Friday, August 19, 2011

Many Roads to Travel

by Betsy Harvey, MCRP '12

As some of you may know, my undergraduate degree was in English, and I like to deviate at times from the concrete realm of planning toward that of the rather esoteric. This week I’m going to look at how streets are portrayed in verse. Let’s start with a poem with which we’re all familiar, Robert Frost’s “A Road not Taken.” It contains one of the dominant themes in literature about roads: that they present opportunity and freedom. As Frost’s famous lines go:

Two roads diverged in a wood, and I—

I took the one less traveled by,

And that has made all the difference.

To extend the metaphor into 21st century New Jersey, what if the two roads that Frost’s character must choose between are route 95 and a quieter back road? As a pedestrian, he clearly would have to avoid the highway.
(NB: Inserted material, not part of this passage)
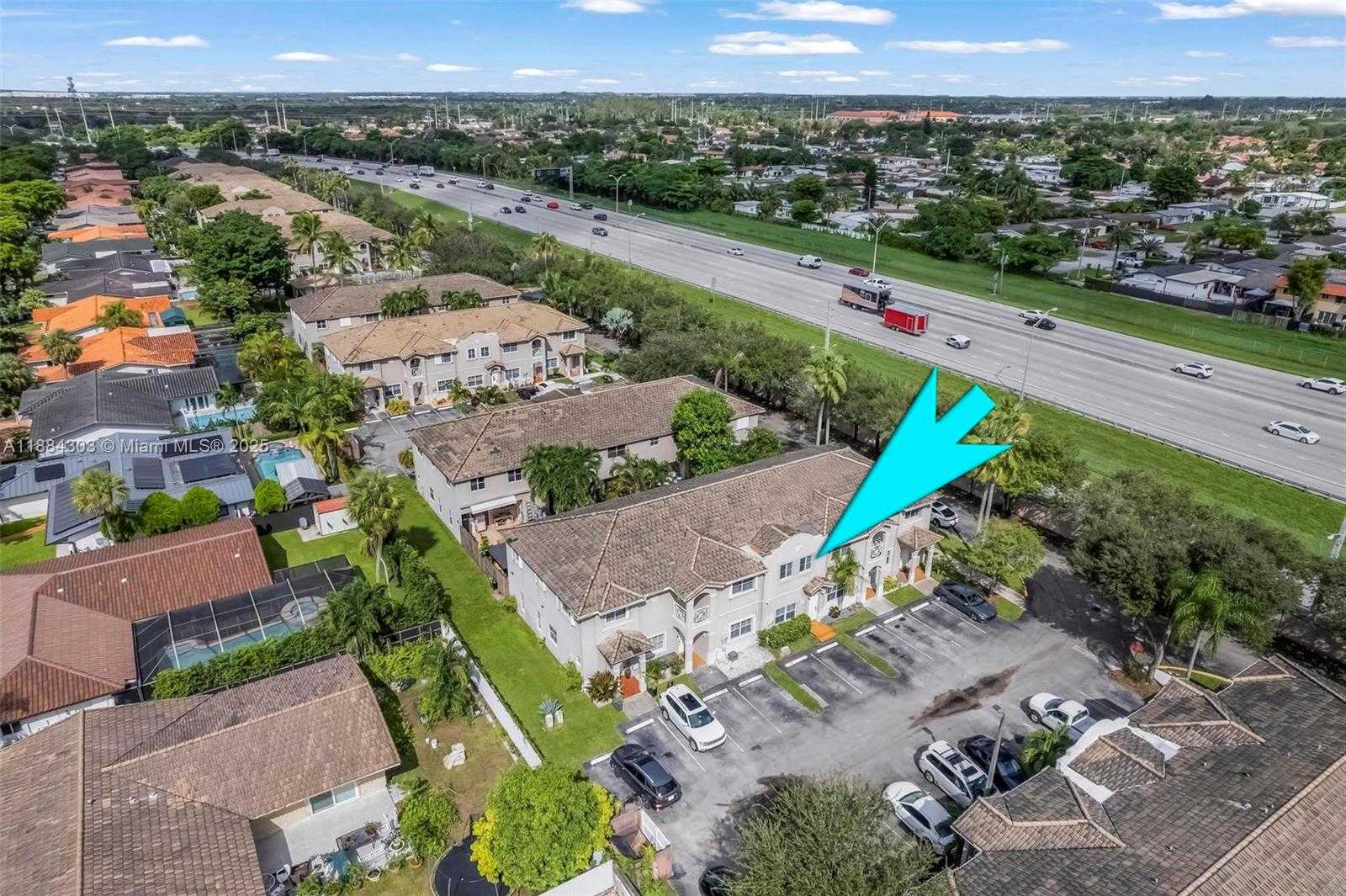 Small Image of 16618 NORTH WEST 71ST AVE, Miami Lakes Number 3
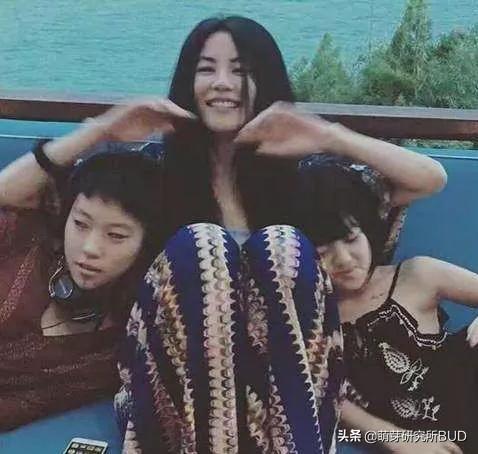 “你不能去学坏，你可以不太乖”：看，两度离婚的王菲是这样育儿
He would only realistically have only one choice. It may seem like a silly metaphor, but it is representative of our transportation system. Our travel choices are limited mostly to cars because that is the type of road we design. By building roads that realistically only allow cars we eliminate choice – to bike or walk or ride a scooter – and therefore to see something new, to view the world from a different perspective, to have an adventure.  Driving is but one way to view our world. It looks very different on foot, and we limit the imagination and the excitement in our lives if the car is our only mirror.
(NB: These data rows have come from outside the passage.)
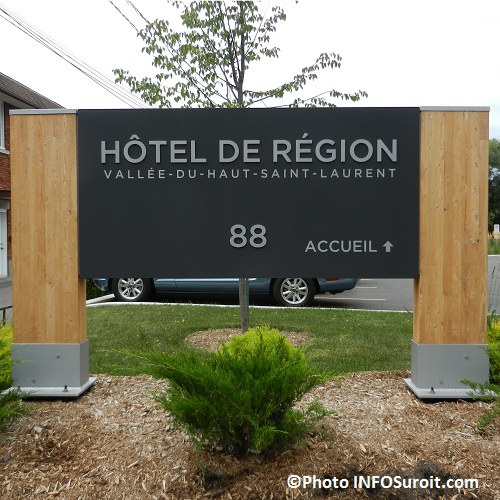 CRE-enseigne-Hotel-de-region-Photo-INFOSuroit-com_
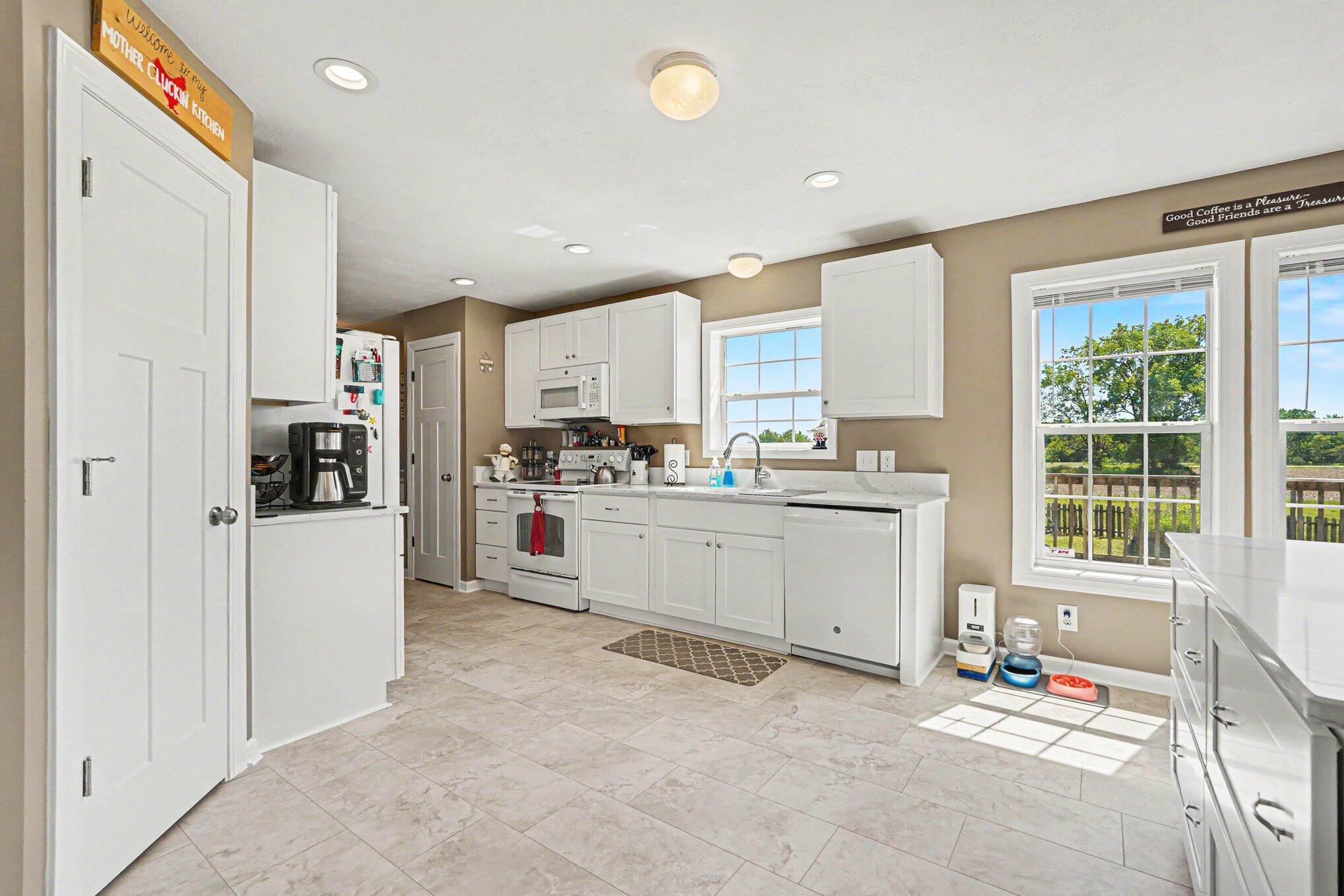 3325 Price Road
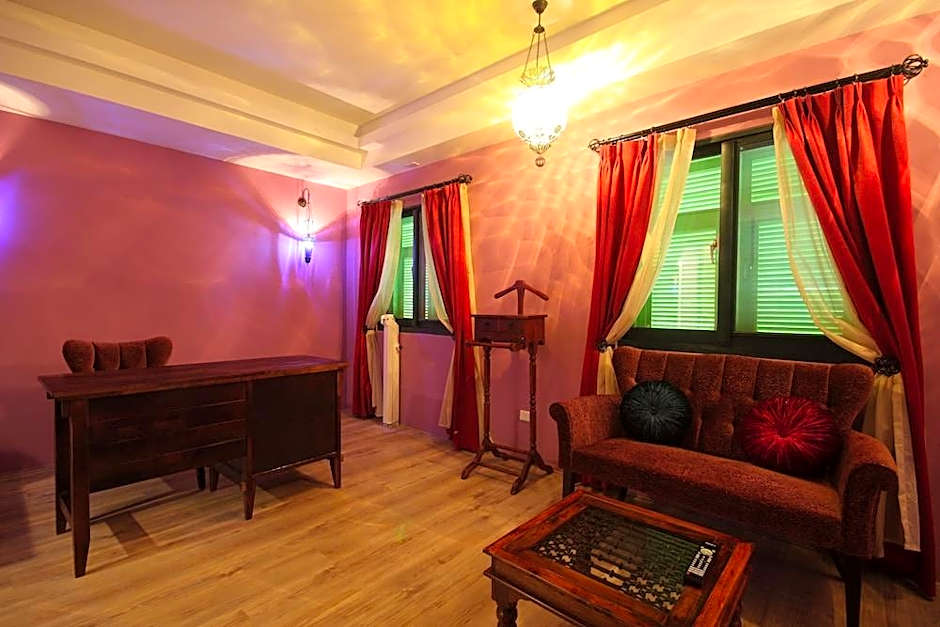 Moroccan Holiday Suite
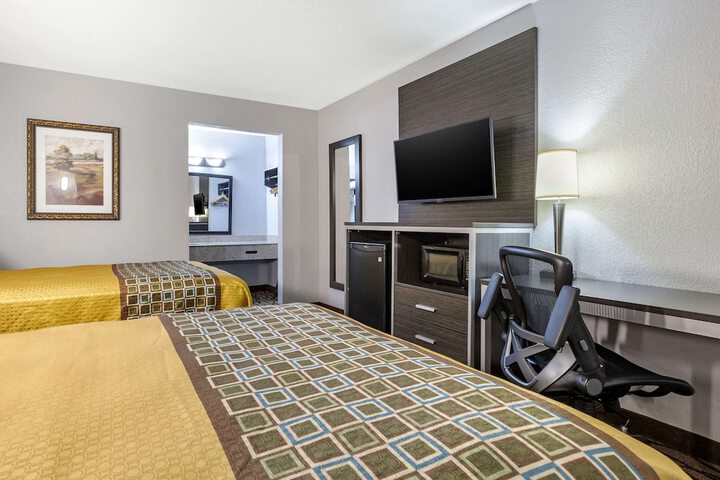 2 Double Beds (6 of 7)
Another theme is the danger and loneliness of roads. Here’s the last stanza of 19th century American poet Will Wallace Harney’s poem “The Stab”:

But the moon came out so broad and good,
The barn-fowl woke and crowed;
Then roughed his feathers in drowsy mood,
And the brown owl called to his mate in the wood,
That a dead man lay on the road.

Travel has always had an element of fear. Walking or biking or driving down a road, especially one with which you are not familiar, is to travel into the unknown. It’s what makes travel so exciting, and yet sometimes frightening.

In her poem “Uphill,” British poet Christina Rossetti (also writing in the 19th century) uses a question and answer conversation between two characters to explore this fear. “Does the road wind uphill all the way?” the questioner asks. “Shall I find comfort, travel-sore and weak?” The companion does his or her best to reassure the questioner that all will be well at the end of the day’s journey.
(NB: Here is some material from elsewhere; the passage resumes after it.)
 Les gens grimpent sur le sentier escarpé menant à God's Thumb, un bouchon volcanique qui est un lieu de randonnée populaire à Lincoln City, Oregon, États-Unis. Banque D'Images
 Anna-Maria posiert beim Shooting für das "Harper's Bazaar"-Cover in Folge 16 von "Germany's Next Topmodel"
We look down a road, and we see fear, excitement, opportunity, exhaustion. Fear that we’ll run out of gas before the next gas station, or perhaps that the riots that are rocking our once peaceful city will turn deadly. And excitement – excitement at the opportunity to meet new people, or start a peaceful revolution, or to discover something beautiful and unexpected.

That is one of the wonders of roads – their metaphoric power yanks us awake, and asks us to look at our lives and our world differently. To imagine paralyzing fear, regime-changing revolutions, the thrill of writing a new page in our lives. If we restrict the real road to a place built only to maximize car use, the diversity of our experiences are less and our imaginations diminished – for the diversity that characterizes excitement and opportunity decreases substantially. To create – a poem, a new government, a transportation plan – we need to understand, and we need to imagine, that diversity of lives and ideas and experiences beyond our own. As these and so many other poets demonstrate, we have to be able to choose to take that step down the road less traveled – not only in our minds, but with our feet, as they surely did.